It was unclear exactly how he would go about criminalizing violations of the indecency statutes. Typically, the Federal Communications Commission notifies the alleged offender and, if no settlement is reached, issues a fine.
When asked how he intended to criminalize the violations, Sensenbrenner repeated his assertion that it was the best way to penalize people who violate the statute but avoid “penalizing people who are not violating the law.”
While he expressed a wish to criminalize the indecency violations, he also applauded the cable industry for its actions. Cable companies allow customers to block channels they find offensive but still require the customers to pay for it.
“I think the industry is doing what it should be doing,” he said. “I think this is the way it should go.”
Although the indecency issue was put on the front burner last year after Janet Jackson’s breast was bared during the Super Bowl halftime show, it has remained a concern for Congress.
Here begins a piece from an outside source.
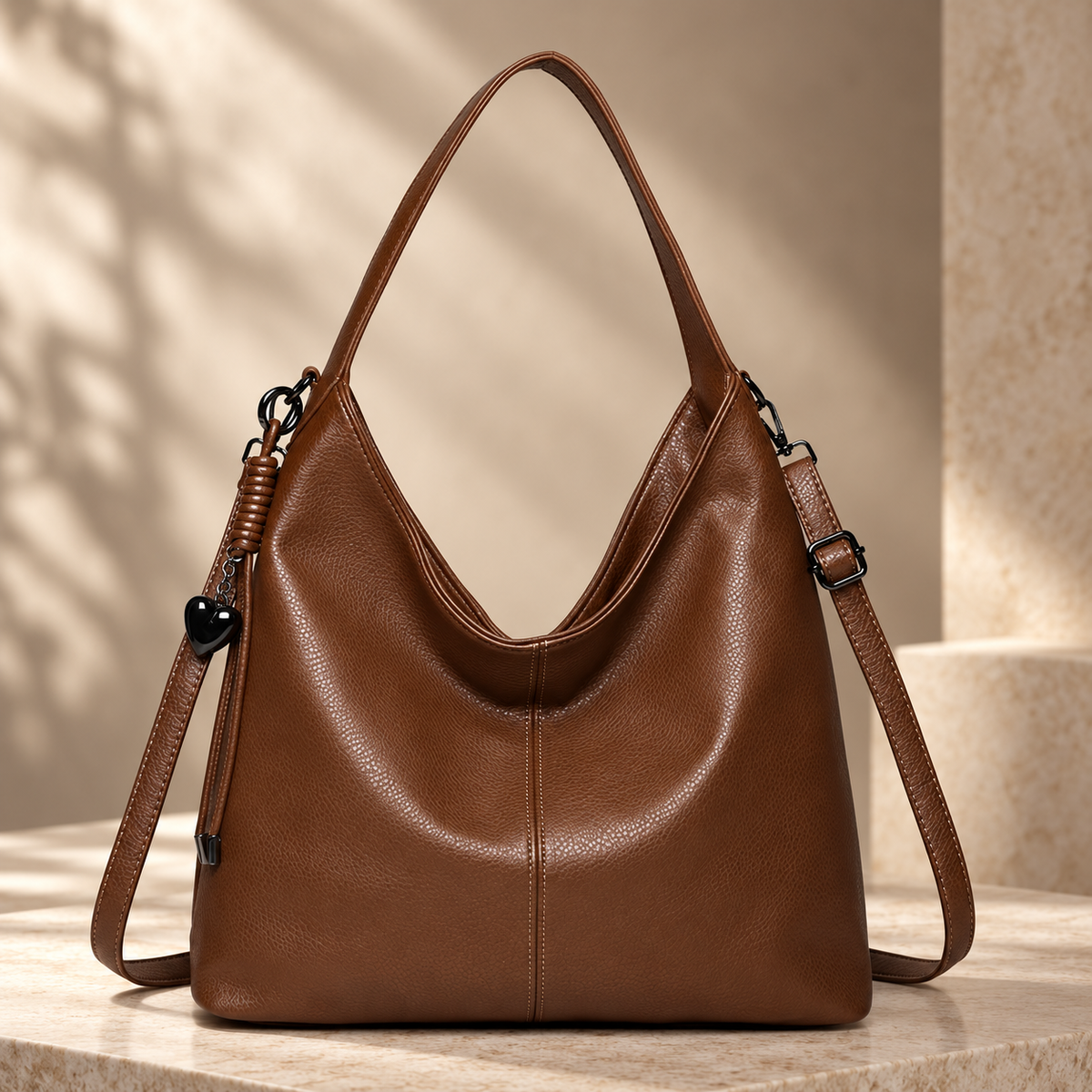 Bianca Women’s Hobo Shoulder Bag – Pebbled Crossbody Handbag with Adjustable Strap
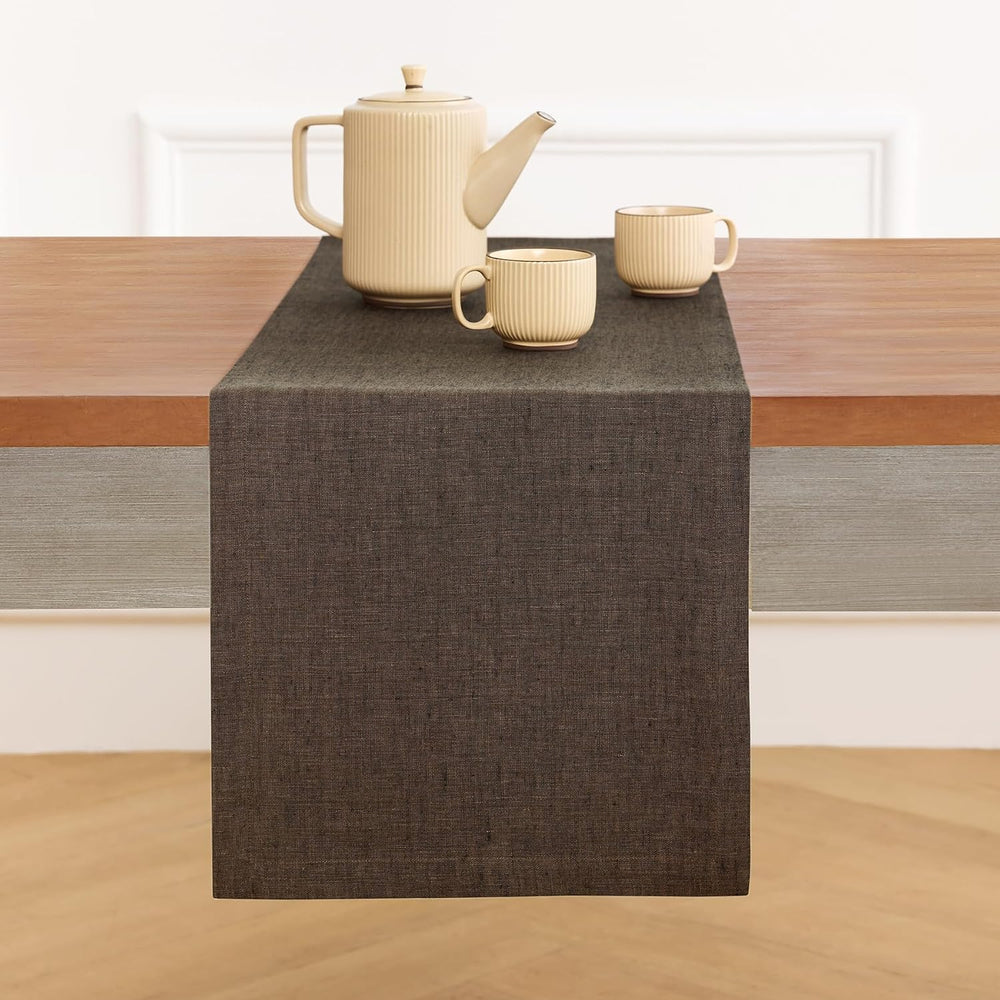 Solino Home 100% Pure Linen Table Runner 108 Inches Long, Brown 14 x 108 in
The House of Representatives overwhelmingly approved legislation this year that directs the FCC to fine broadcasters and individuals up to $500,000 for airing smutty programming on TV and radio.
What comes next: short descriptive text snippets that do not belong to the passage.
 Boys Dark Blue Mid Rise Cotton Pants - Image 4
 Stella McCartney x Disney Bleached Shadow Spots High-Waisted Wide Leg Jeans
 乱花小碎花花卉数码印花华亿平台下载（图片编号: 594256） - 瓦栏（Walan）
Obscene speech is not protected by the First Amendment and cannot be broadcast at any time, but indecent speech can be aired safely between 10 p.m. and 6 a.m. because the courts and the FCC have determined that children are not a large part of the audience in those hours.
Although cable and satellite TV are not covered by the indecency statutes, Sen. Ted Stevens, R-Alaska, chairman of the Senate Commerce Committee, and Rep. Joe Barton, R-Texas, have said they want to bring multichannel programmers into the legal mix.
Stevens attended the convention Sunday, when he met with top cable industry executives, sources said. The executives hoped to persuade Stevens to back off, the sources said.
During the meeting, the cable operators demonstrated their blocking technology, but it was unclear whether Stevens was swayed by their arguments.